On the Canadian Hot 100 chart, the song debuted at number 2, for the issue dated May 5, 2012. The following week, the song fell to number 3, where it remained for a further week. The following week, the song climbed to number 2 and on the chart issue dated June 2, 2012, the song topped the Canadian charts. For the following seven weeks, the song remained at the top, spending a total of eight weeks at the top.

In the United Kingdom, "Payphone" debuted at number one on the UK Singles Chart. It remained at the top of the chart for two non-consecutive weeks and became both Maroon 5's and Wiz Khalifa's first chart-topping song in Britain. It sold over 141,000 copies, which marks the third week in a row that the number one single broke the 100,000 barrier after Gary Barlow and Cheryl Cole. According to the Official Charts Company, the song sold 725,000 copies in the United Kingdom in 2012, becoming Britain's ninth best-selling single of that year. "Payphone" had sold 68,000 digital copies in Italy.

==Music video==
The music video for "Payphone" directed by Samuel Bayer, was shot on April 17 and 18, 2012. Maroon 5 frontman Adam Levine was spotted shooting the video, making a call from a Los Angeles phone booth, fleeing from the police with model Bregje Heinen and speeding away in a classic sports car.

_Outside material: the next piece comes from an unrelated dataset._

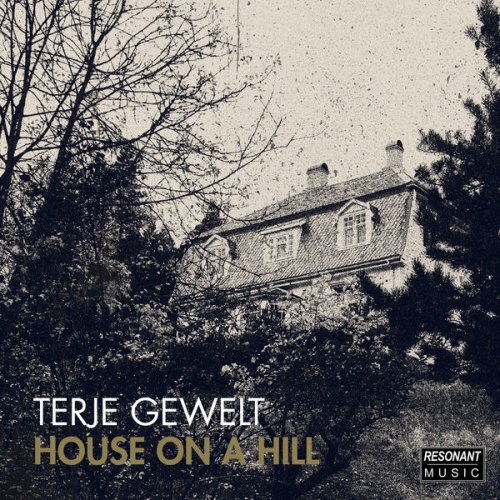 Terje Gewelt - House on a Hill (2020) [Hi-Res]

It is revealed in the video for Levine's role is a bank worker, he said: "I work at a bank; I have no self-confidence. It's gonna be a very difficult role for me to play because I'm a cocky motherf**ker." The video for "Payphone" premiered on May 9, 2012, on E! and was released on Vevo on May 10. It was reportedly similar to The Matrix, The Dark Knight and Die Hard, and the high-action FPS video game, Payday: The Heist. The car used in the video, a custom 1967 Shelby Cobra, was a kit-car hand built by car enthusiast Jim Fletcher from Fresno, CA.

In September 2026, "Payphone" became the band's sixth video to reach one billion views on YouTube.

===Synopsis===

A still from the video. Levine is at a payphone, in a phone booth, trying to call home.

The video begins with a flash forward that starts with a beleaguered Levine torching his ride and dialing a telephone number at a payphone. Another typical day at a Las Vegas (seen from the decals on the police cars) bank for Levine is shown next, which turns into chaos when some bandits enter and take charge (some of the bank robbers are played by the other members of the band: guitarist James Valentine, drummer Matt Flynn, bassist Mickey Madden and keyboardist, previously a touring Maroon 5 member, PJ Morton) – all of this happens while the song plays in the background. Levine grabs a gun from one of the robbers and threatens to get rid of them. He and his female co-worker named Sonya (Bregje Heinen) escape, though Levine is shot in the arm, but when some cops mistake him for one of the robbers as they begin to chase. Levine tells Sonya to hide in a car and steals an AC Cobra 427 that belongs to Wiz Khalifa to get away from them. A car chase follows, and when Levine is almost caught by the police, he steers the stolen convertible onto the wrong side of the road and causes a huge explosion, which destroys one of the police cars. When he finally reaches his destination in Los Angeles, he passes by a place where Khalifa, the owner of the car, performed his rap earlier. After Levine gets out of the convertible, it also explodes and he enters a booth, injured, with the titular payphone, probably to call for help (it is also likely that he is calling Sonya) – this connects to the beginning of the video.

===Reception===
Natalie Finn of E! News gave a positive review for the video, writing that "Adam Levine looks just as good as a buttoned-up bank employee as he does as a dirty, wounded fugitive trying to outrun the cops". Becky Bain of Idolator wrote that "The clip is an enjoyable mini-blockbuster, but it’s still missing one important ingredient: Adam Levine without a shirt." Rebecca Ford of The Hollywood Reporter gave a mixed review, writing: "Although it's fun to see such a big-budget clip from the band, the story line doesn't make complete sense. Since Levine's character didn't rob the bank, why does he keep running from the cops? And why does he leave the pretty lady behind?". Kyle Anderson of Entertainment Weekly, wrote that "There's a little bit of John McClane in Levine's performance–could he have a future as an action star".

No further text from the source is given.